I read Godin's post prior to seeing the hailstorm of comments from other Bloggers and thought it was a more-than-interesting take on how he feels about the comment component of Blogging.
To be honest, I did not take exception to it - I actually thought, "it's his Blog and he can do what he thinks is best." Most everyone else thinks this is about Godin trying to protect or control his brand. I don't think it runs that deep.
My guess is that Godin is a busy guy. He loves to write and would rather spend his energy on his bigger projects, while using his Blog to frequently please his fan base with small and pithy Godin droppings (which, for the record, is just fine with me).
Just two weeks ago, I spoke to the IT team at Twist Image about turning back on my comments and trackback features.
Why were they not on?
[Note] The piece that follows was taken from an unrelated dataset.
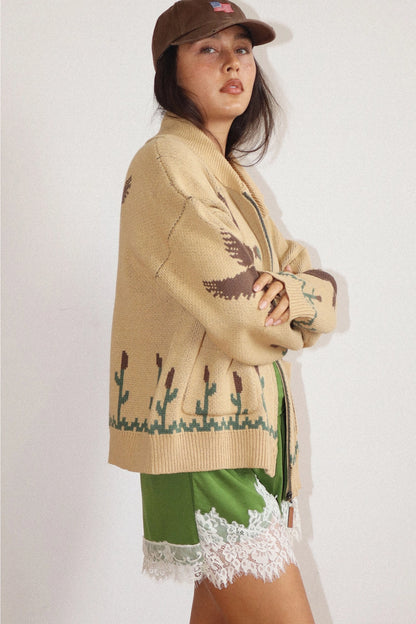 Duck Knit Cardigan in Tan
Was I not part of the conversation?
Not at all.
I was constantly being hit with Splog (Blog spam) and this was coming through in comments and trackbacks. It became unbearable to deal with - especially because my Blackberry was getting all of these email confirmations. I'm going to try it again and see if it's now resolved (they should be enabled in the coming days).
The other reason I did not have my comments turned on? I felt that if people have a comment, they can email it over (if it was strong enough, I would be more than happy to post it).
You can read my thoughts on this over here: Comments On Comments - which was written last October.
In the end, it's not about whether Seth Godin or Joseph Jaffe is right, because they both are. I think you need to have a plan for your Blog, know where it's going and what will get you to that destination. For some, having the ability for people to comment on your postings is that destination. For others, the main goal is to share what's in your brain.
Either way, the conversation is still taking place.